What the task requires: Only the lines from the one with "this 599×449 image." through the final line below belong in the answer, copied exactly and without pictures.

⁂

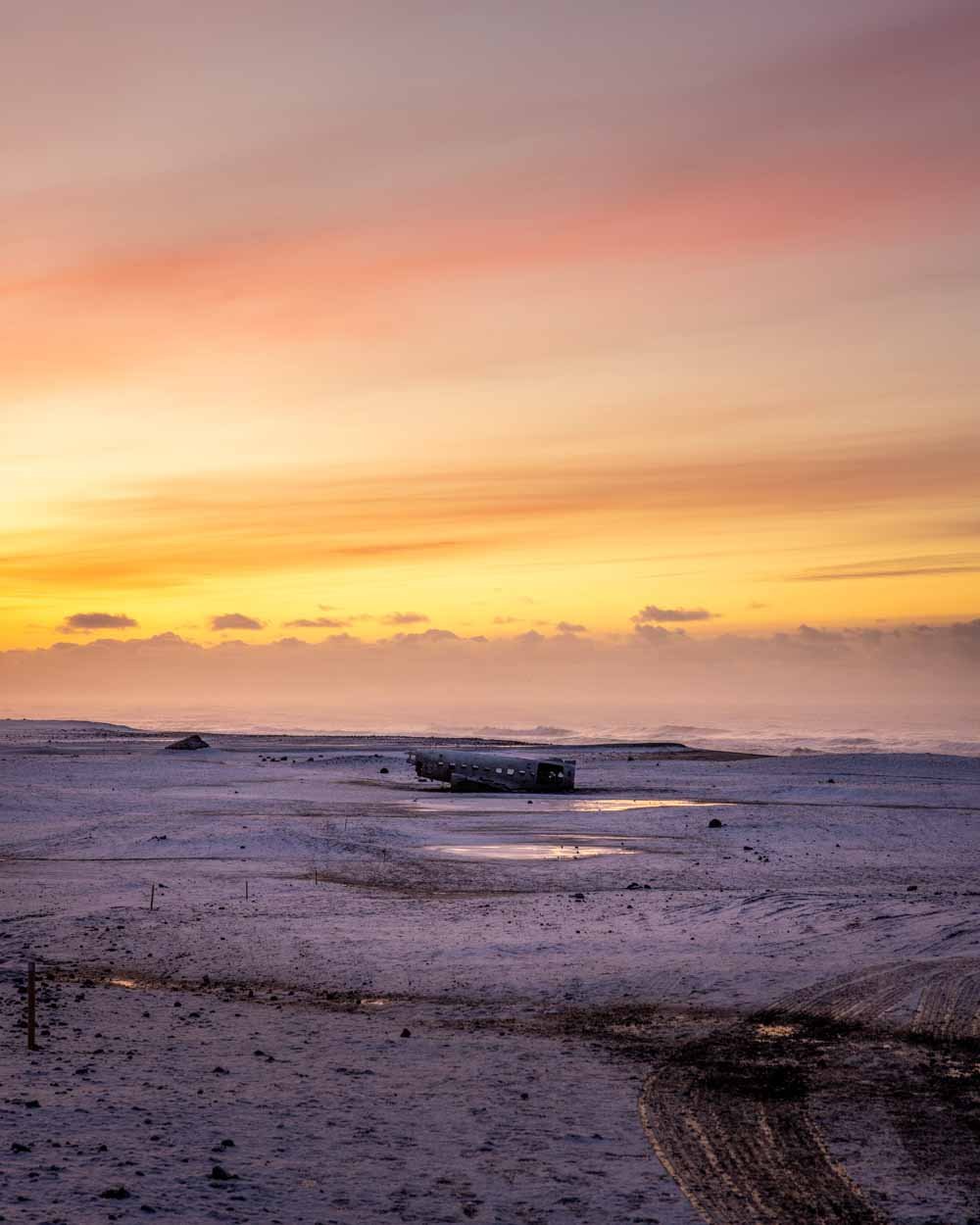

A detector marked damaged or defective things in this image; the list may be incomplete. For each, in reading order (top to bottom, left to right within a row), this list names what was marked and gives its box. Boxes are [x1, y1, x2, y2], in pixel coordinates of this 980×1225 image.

crashed airplane fuselage [406, 745, 572, 792]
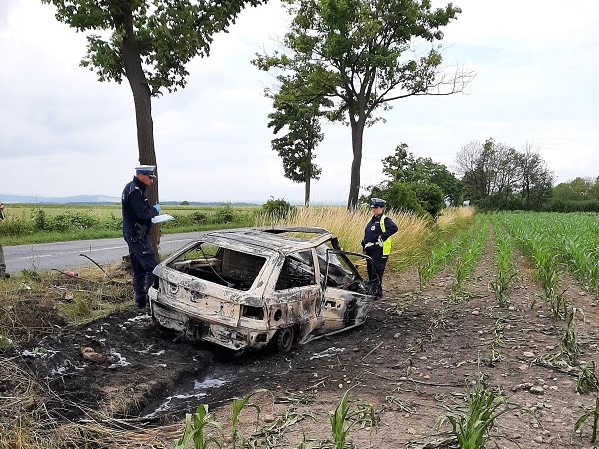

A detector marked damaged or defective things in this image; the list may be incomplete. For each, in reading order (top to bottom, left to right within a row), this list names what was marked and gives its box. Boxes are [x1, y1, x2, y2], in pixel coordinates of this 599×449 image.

burned car wreck [147, 228, 378, 350]
charred car body [147, 228, 378, 350]
burnt tire [276, 326, 296, 354]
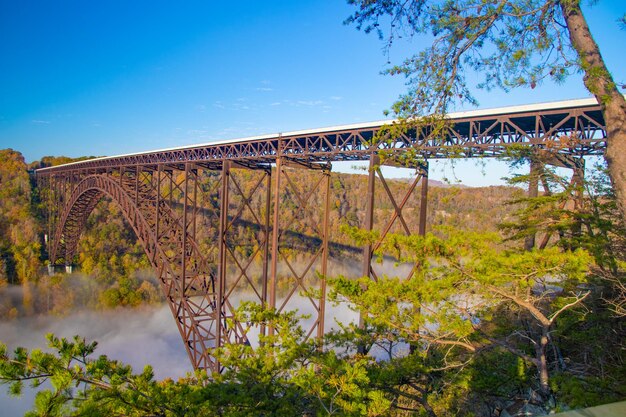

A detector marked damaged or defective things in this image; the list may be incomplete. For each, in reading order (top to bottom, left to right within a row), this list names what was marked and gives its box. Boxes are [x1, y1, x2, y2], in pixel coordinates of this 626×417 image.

rusty brown truss [35, 98, 604, 370]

⁂

Written solution:
A detector marked damaged or defective things in this image; the list may be incomplete. For each, in reading order (top to bottom, left to right within a row), this list names what was marked and gives its box. Boxes are [x1, y1, x2, y2], in pixel coordinates of this 599×449 image.

burned car wreck [147, 228, 378, 350]
charred car body [147, 228, 378, 350]
burnt tire [276, 326, 296, 354]

A detector marked damaged or defective things in this image; the list may be incomplete. For each, in reading order (top to bottom, left to right within a row), this list names what was marked and gives its box. Boxes are [x1, y1, x2, y2], in pixel coordinates of this 626×417 image.

rusty brown truss [35, 98, 604, 370]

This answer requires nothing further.